For those of you who don’t have extensive intern or work experience, it is actually quite surprising how much of a difference the culture of a company makes.

By turning down the Deloitte offer, it is quite clear that the RB partners want to make a name for themselves. If the promise of boatloads of money can’t deter the partners from their vision, then there are probably not very many things that can.

All of this excites me as a candidate because the firm is in the stages of growing (which I take to mean that there will be lots of opportunities to move up), and the core values seem to be in place. My guess is that the compensation at RB doesn’t compare to BBM as of now, but the growth opportunities could well make up for that. Now onto the negatives of the firm.

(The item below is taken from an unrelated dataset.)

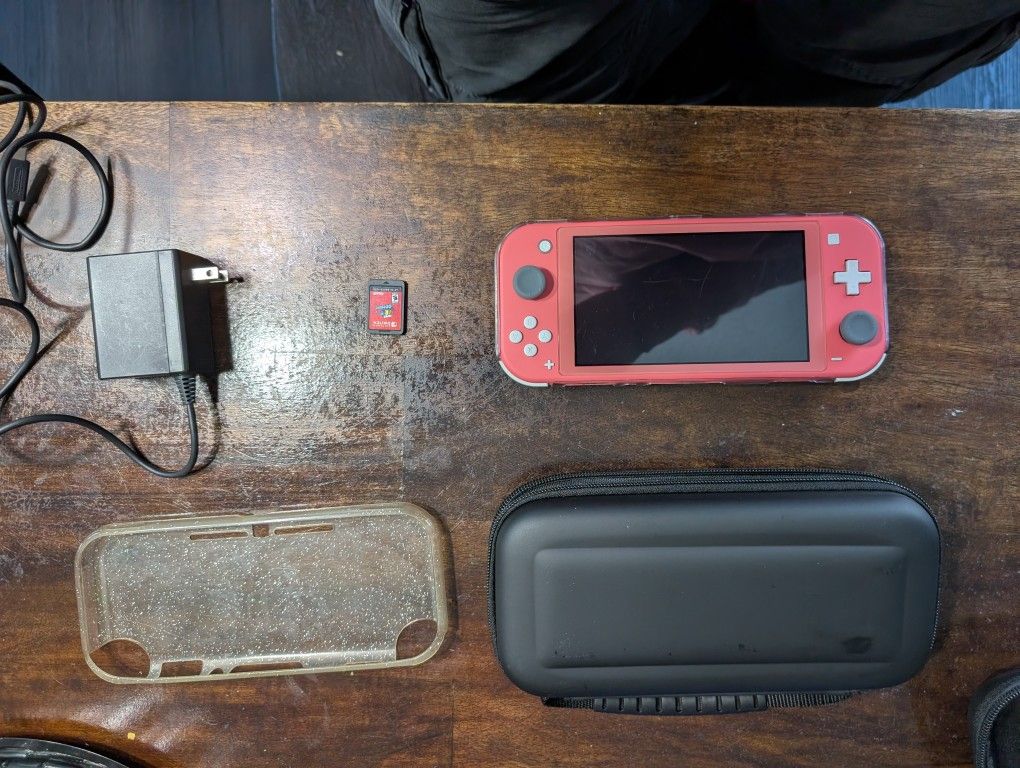 Nintendo Switch Lite W/Mario Oddisey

The biggest worry I have with joining a firm such as RB is that it is not as established as BBM. RB seems to have lots of potential, but translating that potential into a brand name that will propel my career can be a difficult task. It seems that in North America, where I live, there is not a lot of name recognition for Roland Berger – and one must think through whether he or she would like to make a bet on the future success of RB.

If I do dive into this firm in my early twenties, will I have to spend my thirties and forties explaining to people who Roland Berger is?

One of the most exciting aspects of joining a top consulting firm is the exit opportunities. At this point, it is unclear to me what type of opportunities would be available to me coming out of this firm. I think that this is always a danger when joining a smaller, growing firm who is not as established as the big boys. If I do dive into this firm in my early twenties, will I have to spend my thirties and forties explaining to people who Roland Berger is?

In summary, the RB guide has made me realize that this is a firm with potential. It would be very exciting to be involved in turning that potential into brand recognition and market share, but there are risks associated with doing so. Having said that, I think I will apply to an RB office in North America, and see what they’re all about!